-- Data under study follows --

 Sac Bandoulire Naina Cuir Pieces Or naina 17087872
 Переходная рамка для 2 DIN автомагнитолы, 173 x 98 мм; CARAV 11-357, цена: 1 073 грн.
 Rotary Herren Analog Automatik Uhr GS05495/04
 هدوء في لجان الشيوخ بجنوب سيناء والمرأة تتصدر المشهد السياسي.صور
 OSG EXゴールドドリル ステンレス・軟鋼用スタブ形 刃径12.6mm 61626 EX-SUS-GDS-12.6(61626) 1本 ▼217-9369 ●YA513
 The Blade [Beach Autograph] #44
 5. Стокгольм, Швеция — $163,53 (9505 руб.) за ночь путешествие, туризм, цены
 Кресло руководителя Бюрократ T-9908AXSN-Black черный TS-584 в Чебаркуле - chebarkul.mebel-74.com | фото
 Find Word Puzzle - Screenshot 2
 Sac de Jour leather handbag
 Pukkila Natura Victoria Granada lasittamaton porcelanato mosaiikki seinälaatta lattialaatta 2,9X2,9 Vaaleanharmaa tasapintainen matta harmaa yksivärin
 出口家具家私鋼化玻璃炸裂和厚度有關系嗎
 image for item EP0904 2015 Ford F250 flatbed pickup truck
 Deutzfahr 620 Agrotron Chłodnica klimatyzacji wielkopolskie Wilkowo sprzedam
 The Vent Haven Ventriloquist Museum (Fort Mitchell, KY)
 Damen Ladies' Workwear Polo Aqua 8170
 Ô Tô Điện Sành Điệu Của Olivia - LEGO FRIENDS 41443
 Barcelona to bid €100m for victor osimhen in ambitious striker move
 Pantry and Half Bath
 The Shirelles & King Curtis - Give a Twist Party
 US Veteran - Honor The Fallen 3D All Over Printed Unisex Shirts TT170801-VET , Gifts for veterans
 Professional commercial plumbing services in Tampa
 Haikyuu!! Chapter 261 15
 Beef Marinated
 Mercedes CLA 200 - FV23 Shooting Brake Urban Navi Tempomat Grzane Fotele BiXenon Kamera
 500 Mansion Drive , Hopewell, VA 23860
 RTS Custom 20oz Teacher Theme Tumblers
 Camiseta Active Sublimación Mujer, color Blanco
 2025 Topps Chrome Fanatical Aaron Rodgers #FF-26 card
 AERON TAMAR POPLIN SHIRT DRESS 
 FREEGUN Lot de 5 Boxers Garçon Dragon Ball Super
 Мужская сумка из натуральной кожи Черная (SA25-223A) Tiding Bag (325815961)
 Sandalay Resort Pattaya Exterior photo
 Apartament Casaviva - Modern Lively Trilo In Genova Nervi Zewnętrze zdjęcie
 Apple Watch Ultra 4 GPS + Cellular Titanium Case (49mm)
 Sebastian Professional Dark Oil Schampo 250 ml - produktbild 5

-- Data under study concluded --

= Try it =
From the entries above, return exactly the line containing "Damen Ladies' Workwear Polo Aqua 8170", the line containing "Camiseta Active Sublimación", and all lines between, and nothing else.

= Expected answer =
 Damen Ladies' Workwear Polo Aqua 8170
 Ô Tô Điện Sành Điệu Của Olivia - LEGO FRIENDS 41443
 Barcelona to bid €100m for victor osimhen in ambitious striker move
 Pantry and Half Bath
 The Shirelles & King Curtis - Give a Twist Party
 US Veteran - Honor The Fallen 3D All Over Printed Unisex Shirts TT170801-VET , Gifts for veterans
 Professional commercial plumbing services in Tampa
 Haikyuu!! Chapter 261 15
 Beef Marinated
 Mercedes CLA 200 - FV23 Shooting Brake Urban Navi Tempomat Grzane Fotele BiXenon Kamera
 500 Mansion Drive , Hopewell, VA 23860
 RTS Custom 20oz Teacher Theme Tumblers
 Camiseta Active Sublimación Mujer, color Blanco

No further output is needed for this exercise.